In this special guest feature, Dotan Horovits, Technology Evangelist at Logz.io, delves into the three pillars of Observability (logs, metrics and traces), the ways in which Observability is defined and how the tech industry should be using it moving forward. Dotan lives at the intersection of technology, product and innovation. With over 20 years in the hi-tech industry as a software developer, a solutions architect and a product manager, he brings a wealth of knowledge in cloud computing, big data solutions, DevOps practices and more. Dotan is an avid advocate of open source software, open standards and communities. He also is an advocate of the Cloud Native Computing Foundation (CNCF), organizes the local CNCF chapter in Tel-Aviv and runs the OpenObservability Talks podcast, among others.
Observability is a hot topic in the IT world these days. It is oftentimes discussed through the lens of the “three pillars of observability”: Logs, Metrics and Traces. These pillars help us understand what happened, where it happened and why it happened in our system:
Metrics help detect the issues and tell what happened: Is the service down? Was the endpoint slow to respond? Metrics are aggregated numerical data that lends itself to spotting abnormal behavior.
Next, Logs help diagnose the issues and tell why they happened. Logs are perfect for that job, as the developer who writes application code outputs all the relevant context for that code into logs.
Finally, traces help isolate issues and tell where they happened. As a request comes into the system, it flows through a chain of interacting microservices, which we can trace using distributed tracing, to pinpoint the issues.
Indeed these telemetry signals are very important for gaining observability. However they are, by themselves, not Observability. In fact, many organizations collect all these signals, and still end up with poor observability.
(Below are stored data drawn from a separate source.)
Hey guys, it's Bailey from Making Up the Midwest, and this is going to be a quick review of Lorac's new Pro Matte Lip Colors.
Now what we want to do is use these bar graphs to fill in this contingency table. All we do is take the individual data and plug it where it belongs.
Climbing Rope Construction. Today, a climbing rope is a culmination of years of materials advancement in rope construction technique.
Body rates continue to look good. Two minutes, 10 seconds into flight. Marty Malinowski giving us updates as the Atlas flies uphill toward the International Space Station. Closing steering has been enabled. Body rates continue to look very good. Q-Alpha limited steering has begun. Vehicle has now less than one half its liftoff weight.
Why’s that?
Perhaps the problem starts with the way we define Observability.
So what is Observability about?
The formal definition of Observability, taken from Control Theory, is:
“a measure of how well internal states of a system can be inferred from knowledge of its external outputs.”
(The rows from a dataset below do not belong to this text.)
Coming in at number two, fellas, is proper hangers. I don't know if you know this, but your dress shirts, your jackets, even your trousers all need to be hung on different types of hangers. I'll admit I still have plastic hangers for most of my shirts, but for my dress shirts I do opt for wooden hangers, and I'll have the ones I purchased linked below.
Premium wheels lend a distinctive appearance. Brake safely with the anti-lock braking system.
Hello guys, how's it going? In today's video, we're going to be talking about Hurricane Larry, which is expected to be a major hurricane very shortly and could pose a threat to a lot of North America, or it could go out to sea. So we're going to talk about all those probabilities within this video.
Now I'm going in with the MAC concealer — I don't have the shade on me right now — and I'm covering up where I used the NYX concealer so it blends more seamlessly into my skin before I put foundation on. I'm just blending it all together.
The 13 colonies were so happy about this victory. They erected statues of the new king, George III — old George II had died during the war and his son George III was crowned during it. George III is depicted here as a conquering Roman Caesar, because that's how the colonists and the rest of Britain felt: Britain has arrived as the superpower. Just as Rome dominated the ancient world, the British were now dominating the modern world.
This definition may have driven people to put great emphasis on the external outputs, the signals that our systems emit, the raw data. The other important element in that definition was too often overlooked: the inference process.
A more useful definition of observability for a software systems is:
“The capability to allow a human to ask and answer questions about the system”.
I like this definition for two important reasons:
First, it makes it clear that Observability is a property of the system. It might sound trivial, but it’s important as it drives a different mindset from traditional monitoring solutions that we used to bolt on in the aftermath. Being a system property means you should incorporate observability as part of the system design, as a first-level citizen, from Day-1. This draws practical implications that I’ll touch upon later.
It’s about answering ad-hoc questions
The second reason I like the above definition for Observability better is that it makes it clear that observability is essentially a data analysis problem: the more questions we can ask and answer about the system, the more observable it is. This, as well, calls for a different mindset: rather than the sysadmin’s relatively reactive monitoring and maintenance mindset, observability calls for a data analyst mindset, proactively querying to get the right insights from their systems.
And this can’t be limited to a set of predefined questions either. Common monitoring practices, for example, use pre-defined aggregations, which bear hidden assumptions of the questions we’d want to ask. In today’s high cardinality and dynamically changing systems, however, it is unreasonable to assume we can anticipate all the questions, all the permutations of dimensions, and the required aggregations. We don’t encounter the same problems over and over again (we’ve set alerts or auto-remediation for these “known unknowns” anyway). Observability must enable us to ask ad-hoc questions, ones that arise when handling incidents we haven’t anticipated or seen before, the “unknown unknowns”.
So how are we achieving this promise?
It’s about collecting data of different sources, formats and types
To gain observability, we need to collect the different signal types. Logs, metrics and traces are the classical “three pillars”, but we need to make it flexible to incorporate additional signal types as need arises, such as events and continuous profiling.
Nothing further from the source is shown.